Luggage and travel bag for artists (with a camera on top)

NOTE: I deliberately left erasers off that list because the idea is to sketch and not take time to erase. Use darker lines or smudged lines to make corrections. That gives you more time to create, and fewer things to keep track of while you’re creating.

Use your “down” time for art

Think outside the box on this one. Don’t limit yourself to sketching, drawing, or painting only on schedule. Yes, you will be planning art time when you can work on a take-along project, or do a little plein air work. But that’s not the only time you have.

It may not even be the best time you have to draw. Consider this:

I recently went to Michigan for a week-long visit and took the train back to Kansas. There was a lot of catching up with family, but there was also a lot of down time that could easily have been converted to art time.

  • Early morning hours before activities begin
  • Quiet moments as the day winds down
  • I woke up to snow one morning. The perfect time for quick sketches.
  • My family lives in the country. I live in town, so there were all kinds of natural subjects everywhere I turned. Trees alive and dead, water, farm buildings, the sky. . .

Landscape with a river and trees in fog

Then came the return to Kansas.

The train trip should have been under twenty hours, including a three-hour layover in Chicago. Mechanical difficulties on the first leg of the trip stretched a three-hour ride into a six-hour trip. The train moved at about half speed with frequent slow-downs and stops along the way. Lots of scenery I may never see again just waiting to be sketched. Some of the stops were long enough for full-color drawings.

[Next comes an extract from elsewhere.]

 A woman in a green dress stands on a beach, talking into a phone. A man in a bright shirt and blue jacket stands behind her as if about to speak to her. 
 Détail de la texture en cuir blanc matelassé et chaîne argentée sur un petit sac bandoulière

Delays on the first leg of the trip resulted in an unplanned overnight stay in Chicago. In an upscale hotel. On the 21st floor with a view (albeit limited) of Lake Michigan. Tall, gleaming buildings all around. The lake stretching away to the horizon. The evening to myself. In other words, the perfect opportunity to make art of some kind.

Chicago skyline and views of water

Before the train left the next day, I had a two- to three-hour wait in the boarding lounge at Union Station. There literally thousands of potential sketches throughout that facility.

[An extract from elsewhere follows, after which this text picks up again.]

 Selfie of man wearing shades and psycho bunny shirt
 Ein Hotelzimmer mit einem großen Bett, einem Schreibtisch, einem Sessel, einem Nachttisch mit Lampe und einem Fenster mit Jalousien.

The second leg of the trip went more smoothly, but was still long enough to provide ample time for sketching what I saw outside the windows during daylight hours and what was all around me inside the coach after dark.

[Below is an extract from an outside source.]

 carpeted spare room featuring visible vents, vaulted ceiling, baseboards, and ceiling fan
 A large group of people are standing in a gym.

Bottom line? There are a ton of sketching opportunities for the artist who travels with his or her art eyes open.

Try an art journal

Art journals are great ways to document all kinds of events, including travel. Even if you don’t plan to do any serious artwork while traveling, it’s worthwhile to consider doing an art journal to document the trip and keep your artistic self motivated.

What’s that you say? You don’t keep an art journal? Then travel is a perfect time to try art journaling! You don’t have to spend a lot of money to begin, because all you need is a small drawing pad or notebook to draw in and something to draw with.

Travel journal with markers and pens beside it

Don’t like pencils? Try markers or pens. I’ve used ball point pens for sketching when I had nothing else to use. Ordinary ball point pens make for great on-the-spot sketching and journaling.

Stay “art-ready” while traveling

The most important part of traveling with art is to always be prepared. Whatever your medium, be prepared to travel on the spur of the moment. Keep a field kit ready so you can grab it and go when the opportunity presents itself.

My field kit (shown below) is kept handy for quick trips and long ones. Combined with the ball point pens I keep in my purse, I’m equipped to sketch anywhere at any time with a minimum of fuss.

And artist field kit - colored pencils, sketchpad and graphite pencil.

For more info, read 11 Must Have Items for Your Colored Pencil Field Kit.

The key is to train yourself to include it when you pack. That trip to Michigan I mentioned earlier? It happened so quickly that I forgot my field kit. All the tips I’ve just shared with you come from the unpleasant realization that I missed a ton of drawing opportunities. Don’t make the same mistake!